Task prompt: Would it be possible to output exactly, and only, the lines below from the one holding "Palossand 127/271 —" to the last line, both included, with every picture left out?

Data under study:
+++
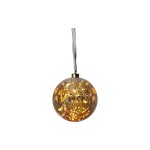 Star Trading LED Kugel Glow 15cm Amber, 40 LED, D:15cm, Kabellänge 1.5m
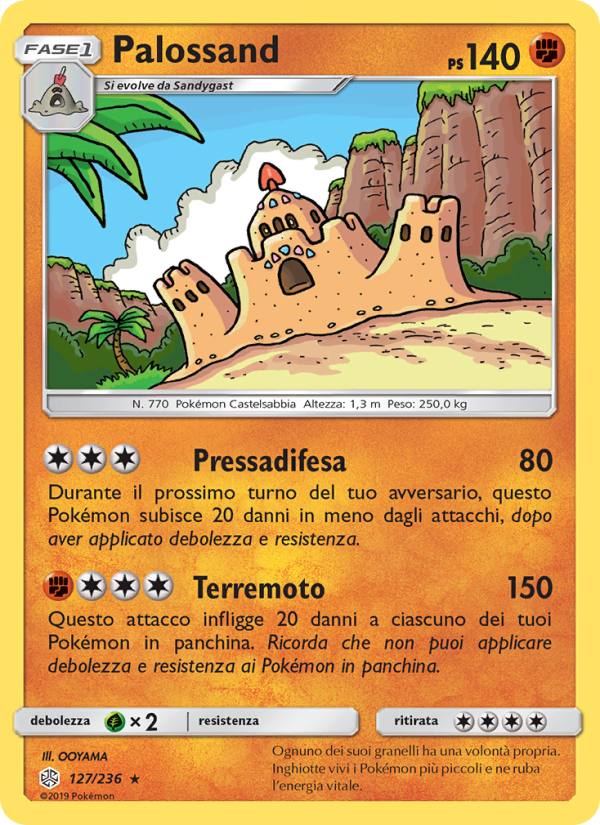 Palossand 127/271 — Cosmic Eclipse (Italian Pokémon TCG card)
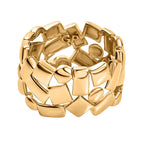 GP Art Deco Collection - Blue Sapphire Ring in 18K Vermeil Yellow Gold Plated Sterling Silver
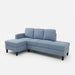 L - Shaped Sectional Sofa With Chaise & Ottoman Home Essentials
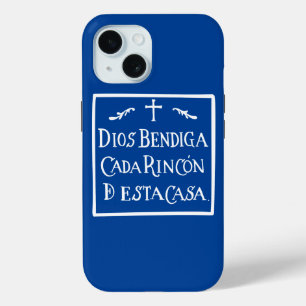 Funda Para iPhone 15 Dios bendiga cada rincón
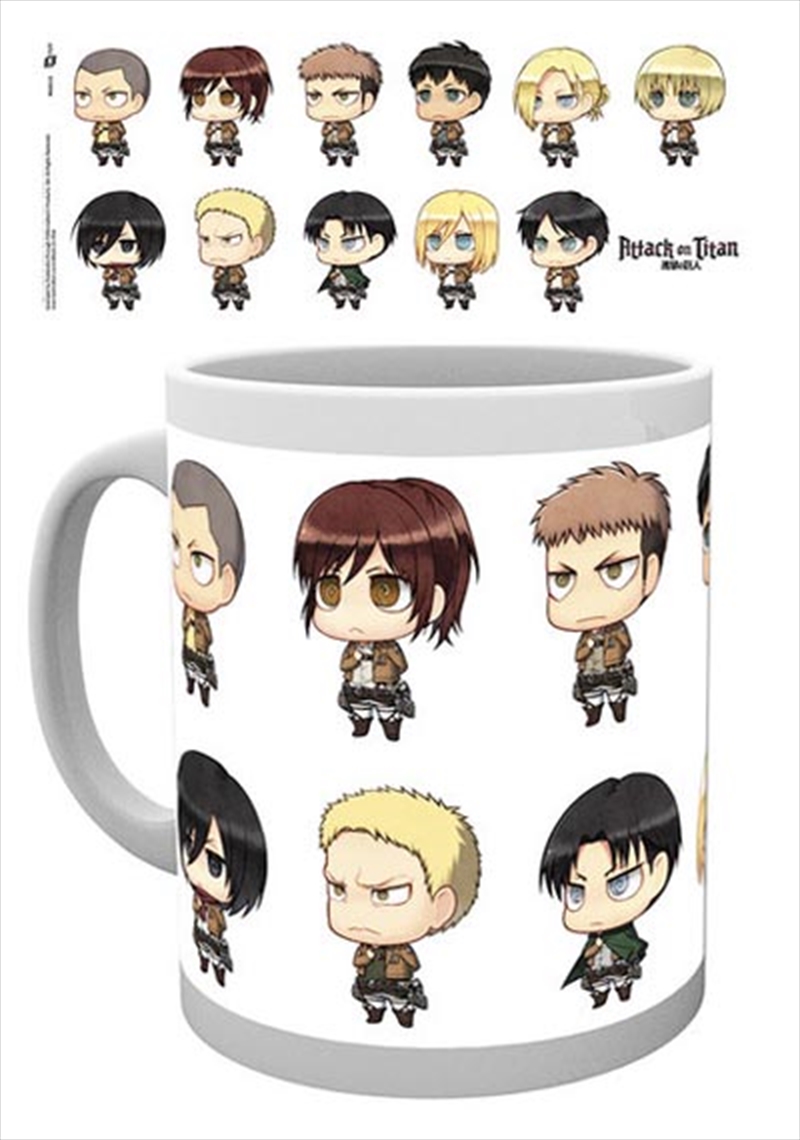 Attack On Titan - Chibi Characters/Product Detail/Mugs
+++
Answer section:
 Palossand 127/271 — Cosmic Eclipse (Italian Pokémon TCG card)
 GP Art Deco Collection - Blue Sapphire Ring in 18K Vermeil Yellow Gold Plated Sterling Silver
 L - Shaped Sectional Sofa With Chaise & Ottoman Home Essentials
 Funda Para iPhone 15 Dios bendiga cada rincón
 Attack On Titan - Chibi Characters/Product Detail/Mugs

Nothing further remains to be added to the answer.